What does the future hold for Gogo?
Chari said that Gogo’s 2Ku service has been excluded in the past from regional jets, because the 2Ku antenna is too large to fit on top of the tiny planes. However, Gogo recently successfully lab-tested a new ATG antenna upgrade that would allow planes to receive up to 100Mbps, and when you’re only flying with 50 or so people, that could mean a stellar experience for each customer. That being said, it would need to be priced in a way that would make it attractive for those passengers on the shorter flights typically flown by regional jets.

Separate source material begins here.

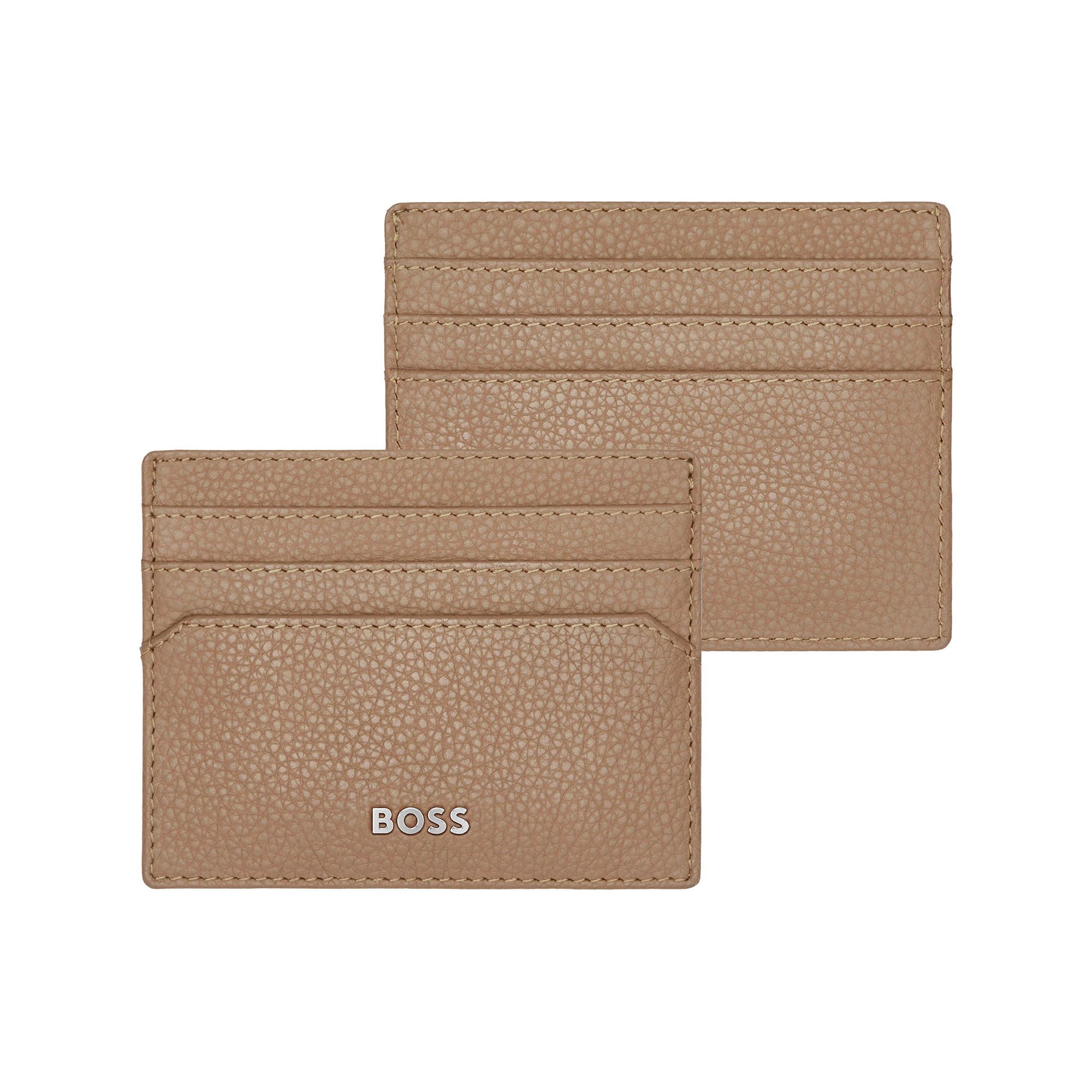HUGO BOSS Classic Grained Porta carte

Chari said Gogo will be constantly adding capacity to its network in the short, medium and long term. “We want to stay ahead of demand and we have the ability because of open architecture and open ecosystem. You have to take advantage of the innovation and cost.” Using cell phones as an example, he said you don’t buy every cell phone you’ll ever need for the rest of your life. You buy the best of what’s available at the time you need it.
For passengers, it’s not about how many megabits per second can be beamed to the plane and by whom. All they really care about is whether they can binge-watch Netflix or post live to Facebook or Snapchat at a reasonable price. To that end, I believe the playing field is becoming more level as airlines and their Wi-Fi providers find ways to bring in more bandwidth. Whether that be through wholly owned satellites like ViaSat uses, or leased bandwidth like Gogo uses, the passengers are the winners.
Currently, Gogo 2Ku can be found on 170 planes with AeroMexico, Air Canada, British Airways, Delta, GOL and Virgin Atlantic. There are over 1,600 remaining planes to have 2Ku installed over the next two years.
Featured image courtesy of the author, Paul Thompson.